Archive for March, 2009

Contextual Keywords

Posted in csharp, EasyExtend, Grammars, Python on March 22nd, 2009 by kay – Be the first to comment

Keywords and Contextual Keywords

A language keyword is a reserved word that cannot be used as an identifier for variables, constants, classes etc. Often it is an element of language syntax. Syntactical structure is simplified by means of keywords. A keyword can be thought of as a “semantic marker” on many occasions i.e. it denotes a location where something particular meaningful is happening. The while keyword points to a while-loop, the class keyword to a class definition etc. Other keywords like as or in link together expressions and have a fixed location within a statement.

A contextual keyword is sort of a hybrid. It acts much like a keyword but is not reserved. The word as was such a contextual keyword in Python until it became a proper keyword in version 2.5. The C# language defines lots of contextual keywords besides the regular ones. MSDN defines a contextual keyword as:

A contextual keyword is used to provide a specific meaning in the code, but it is not a reserved word [in C#].

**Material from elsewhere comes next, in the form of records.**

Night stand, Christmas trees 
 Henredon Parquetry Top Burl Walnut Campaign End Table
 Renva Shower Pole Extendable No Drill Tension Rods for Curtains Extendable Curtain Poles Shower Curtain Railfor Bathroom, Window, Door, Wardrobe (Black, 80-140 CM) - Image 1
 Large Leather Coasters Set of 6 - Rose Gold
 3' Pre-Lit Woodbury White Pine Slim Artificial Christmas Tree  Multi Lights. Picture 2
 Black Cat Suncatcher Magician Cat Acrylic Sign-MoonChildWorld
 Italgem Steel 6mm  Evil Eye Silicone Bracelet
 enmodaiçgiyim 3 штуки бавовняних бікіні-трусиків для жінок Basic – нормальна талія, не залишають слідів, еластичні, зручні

Contextual keywords in C# are used properly in the grammar description of the language – like regular keywords. For example the add_accessor_declaration is defined by the following C# rule:

add_accessor_declaration: [attributes] "add" block

Keywords in EasyExtend

In EasyExtend keywords are implicitly defined by their use in a grammar file. The “add” string in the add_accessor_declaration becomes automatically a keyword. Technically a keyword is just an ordinary name and the tokenizer produces a NAME token. It’s easy to verify this: when we inspect the token stream of a function definition def foo(): pass we’ll notice that def and pass are mapped onto the NAME token:

>>> def foo(): pass
 Line  | Columns | Token Value         | Token Name    | Token Id     |
 1     | 0-3     | 'def'               | NAME          | 1 -- 1       |
 1     | 4-7     | 'foo'               | NAME          | 1 -- 1       |
 1     | 7-8     | '('                 | LPAR          | 7 -- 7       |
 1     | 8-9     | ')'                 | RPAR          | 8 -- 8       |
 1     | 9-10    | ':'                 | COLON         | 11 -- 11     |
 1     | 11-15   | 'pass'              | NAME          | 1 -- 1       |
 1     | 15-15   | '\n'                | NEWLINE       | 4 -- 4       |
 2     | 0-0     | ''                  | ENDMARKER     | 0 -- 0       |

In the parse tables keywords are preserved and we will find a state description like (‘pass’, 1, 273) which explicitly refer to the pass keyword. It will be clearly distinguished from token id’s of type NAME which are used otherwise ( e.g. for foo ). Now the pass token in the token-stream has precisely following structure [1, ‘pass’, 1, (11, 15)]. Usually the token id is all that the parser needs to know but when the parser encounters a NAME token the token value is a keyword the keyword is turned into a token type. We can summarize this using following function

def compute_token_type(tok):
    tok_type  = tok[0]      # the standard token type
    tok_value = tok[1]
    if tok_type == token.NAME:
        if tok_value in keywords:
            return tok_value    # tok_value is a keyword and used as a token type
    return tok_type

Contextual Keywords in EasyExtend

Unlike keywords which can simply be determined from the grammar this isn’t possible with contextual keywords. They have to be made explicit elsewhere. When I considered contextual keywords in EasyExtend I refused to create special infrastructure for them but used a simple trick instead. Suppose one defines following token in aToken.ext file

    CONTEXT_KWD: 'add' | 'remove'

This is just an ordinary token definition. When is generated from Token+Token.ext we’ll find following settings

    CONTEXT_KWD = 119896


    token_map = {
        'add|remove': 119896,

The provides obviously sufficient information to determine contextual keywords form the CONTEXT_KWD token definition. We exploit this in the next function definition:

def generate_contextual_kwds(parse_token):
        ctx_kwd = parse_token.CONTEXT_KWD
        t_map   = swap_dict(parse_token.token_map)      # swap_dict turns dict keys
                                                        # into values and values into keys
        contextual_keywords = set( t_map[ctx_kwd].split("|") )
        assert contextual_keywords <= keywords
        return contextual_keywords
    except AttributeError:
        return set()

Now we have to understand the semantics of contextual keywords. The following code illustrates the behavior of the parser in the presence of contextual keywords.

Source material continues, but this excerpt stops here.